-- Opening Marker --

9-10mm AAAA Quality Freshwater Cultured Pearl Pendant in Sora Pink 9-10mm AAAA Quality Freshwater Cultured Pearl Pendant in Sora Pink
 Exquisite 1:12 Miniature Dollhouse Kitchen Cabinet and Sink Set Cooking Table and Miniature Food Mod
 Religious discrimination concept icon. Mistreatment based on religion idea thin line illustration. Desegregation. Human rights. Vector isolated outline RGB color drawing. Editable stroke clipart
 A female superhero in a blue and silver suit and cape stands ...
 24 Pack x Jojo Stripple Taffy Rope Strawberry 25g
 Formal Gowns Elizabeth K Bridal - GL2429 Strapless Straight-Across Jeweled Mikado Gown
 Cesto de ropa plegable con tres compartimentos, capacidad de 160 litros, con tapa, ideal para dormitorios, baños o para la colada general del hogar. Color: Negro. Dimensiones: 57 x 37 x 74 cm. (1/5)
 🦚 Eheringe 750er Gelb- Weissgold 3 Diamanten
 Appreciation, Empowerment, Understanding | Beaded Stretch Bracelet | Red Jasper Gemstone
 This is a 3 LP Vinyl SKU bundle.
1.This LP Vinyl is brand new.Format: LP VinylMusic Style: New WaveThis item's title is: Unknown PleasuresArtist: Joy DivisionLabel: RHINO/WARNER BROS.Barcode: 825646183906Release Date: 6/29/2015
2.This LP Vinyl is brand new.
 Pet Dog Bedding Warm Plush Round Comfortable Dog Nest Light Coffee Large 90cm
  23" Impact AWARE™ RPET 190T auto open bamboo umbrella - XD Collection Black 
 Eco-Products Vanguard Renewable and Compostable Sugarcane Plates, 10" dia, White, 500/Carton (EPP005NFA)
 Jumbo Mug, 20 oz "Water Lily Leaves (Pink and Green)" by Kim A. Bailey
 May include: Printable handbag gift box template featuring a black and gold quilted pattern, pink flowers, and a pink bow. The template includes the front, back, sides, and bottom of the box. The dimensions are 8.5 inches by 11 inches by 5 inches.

-- Closing Marker --

Where the word "Vinyl" shows up in a line of the entries above, copy that line.

## Output
 This is a 3 LP Vinyl SKU bundle.
1.This LP Vinyl is brand new.Format: LP VinylMusic Style: New WaveThis item's title is: Unknown PleasuresArtist: Joy DivisionLabel: RHINO/WARNER BROS.Barcode: 825646183906Release Date: 6/29/2015
2.This LP Vinyl is brand new.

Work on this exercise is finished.